Choose the faster library, OpenBLAS or MKL for AMD CPUs.

Introduction

When it comes to scientific computing or matrix operations, BLAS (basic linear algebra subprograms) and LAPACK (linear algebra package) are the core libraries that provides basic algorithms. Additionally, there exist many alternative and more powerful libraries (OpenBLAS ), Intel Math Kernle Library (MKL) , AMD Optimizing CPU Libraries (AOCL) , etc) that can speed the matrix operations.

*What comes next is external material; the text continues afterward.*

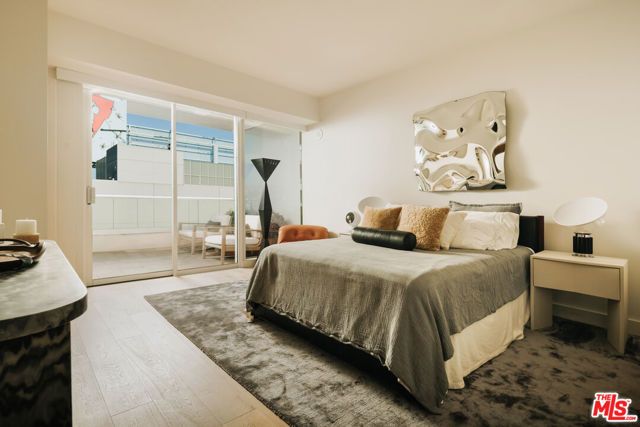 6250 Hollywood Boulevard 14A, Los Angeles, CA 90028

The MKL is one of the most famous algebra libraries, which is indeed becoming the actual standard. However, it is said that MKL is only optimized for Intel CPUs and performs poorly on AMD CPUs. OpenBLAS and AOCL are preferred for AMD CPUs. While some discussions (reddit , report ) also show that the newer versions of MKL perform similarly as OpenBLAS on AMD CPUs.

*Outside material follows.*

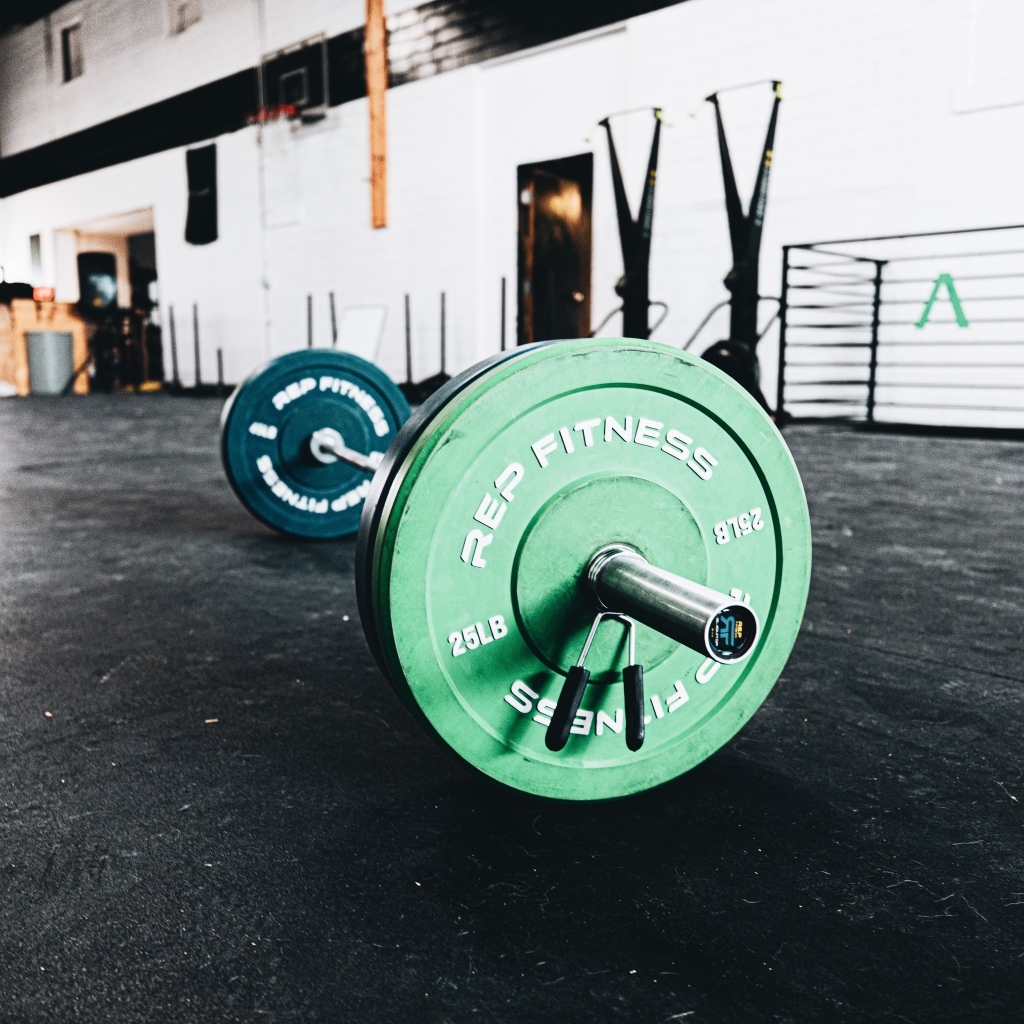 Большая тяжелая штанга в спортзале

To choose the proper library, I made a simple performance test based on Python Numpy. Remember that the test is not strict nor comprehensive at all. Those who want to choose the proper one should make a benchmark test on your own platform, especially for your specific purposes.

Test

1. Platform

  • My laptop was used for the test. It has the AMD RYZEN 5800H CPU (8 CPU cores and 16 threads, TDP 45W) and 32G memory.
  • The OS were Window 10 and WSL1 (Ubuntu 20.04).
  • Python and numpy version:
Environment OS Python version Library
Env1 Win10 3.6 MKL 2020.2
Env2 WSL1 3.9 MKL 2021.2
Env3 WSL1 3.9 OpenBLAS
  1. To install the MKL based numpy, simply run conda install numpy
  2. To install the OpenBLAS based numpy, simply run pip install numpy
  3. After installation, use numpy.show_config() to check whether the numpy library was properly configured.

2. Test code

I tried a very simple test code, which only covered matrix multiplication and eigenvalue decomposition.

import numpy as np

size = 1000  

a = np.random.randn(size, size)
b = np.random.randn(size, size)

%timeit (np.dot(a,b))
%timeit (np.linalg.eig(a))
  • The size parameter was set to 1000, 4000, and 10000, respectively.
  • %timeit is a magic function used on the Jupyter notebooks (IPython).

3. Performance comparison

size Matrix Multiplication EigValue Decomposition
Env1 1000 17ms 600ms
4000 700ms 21.5s
10000 10.3s Too long to test
Env2 1000 14.2ms 586ms
4000 609ms 21.9s
10000 11.4s Too long to test
Env3 1000 10.1ms 738ms
4000 614ms 26.4s
10000 8.24s Too long to test

From the table above, we can conclude that

  1. Using OpenBLAS, the matrix multiplication is faster than using MKL.
  2. Using OpenBLAS, the eigenvalue decomposition is slower than using MKL.
  3. The performance differences are not significant and we should choose the proper library based on the specific projects (whether containing many multiplication or decomposition operations).
  4. I also tried the mkl_serv_intel_cpu_true to force to use best performing routines. However, it turned out that the results before and after mkl_serv_intel_cpu_true are no different.

Another point is when using OpenBLAS, the CPU usage was nearly 80%, but only around 50% when using MKL. That might be because MKL could not make full use of the AMD CPUs.

Conclusion

Using OpenBLAS makes matrix multiplication faster, but makes eigenvalues decomposition slower. The performance differences are not significant.

In my own opinion, the newer version MKL provides more functions, and similar performance, which makes it suitable for AMD CPUs.

Next, I will try to compare more software based on MKL and OpenBLAS, such as Eigen, Armadillo, and so on.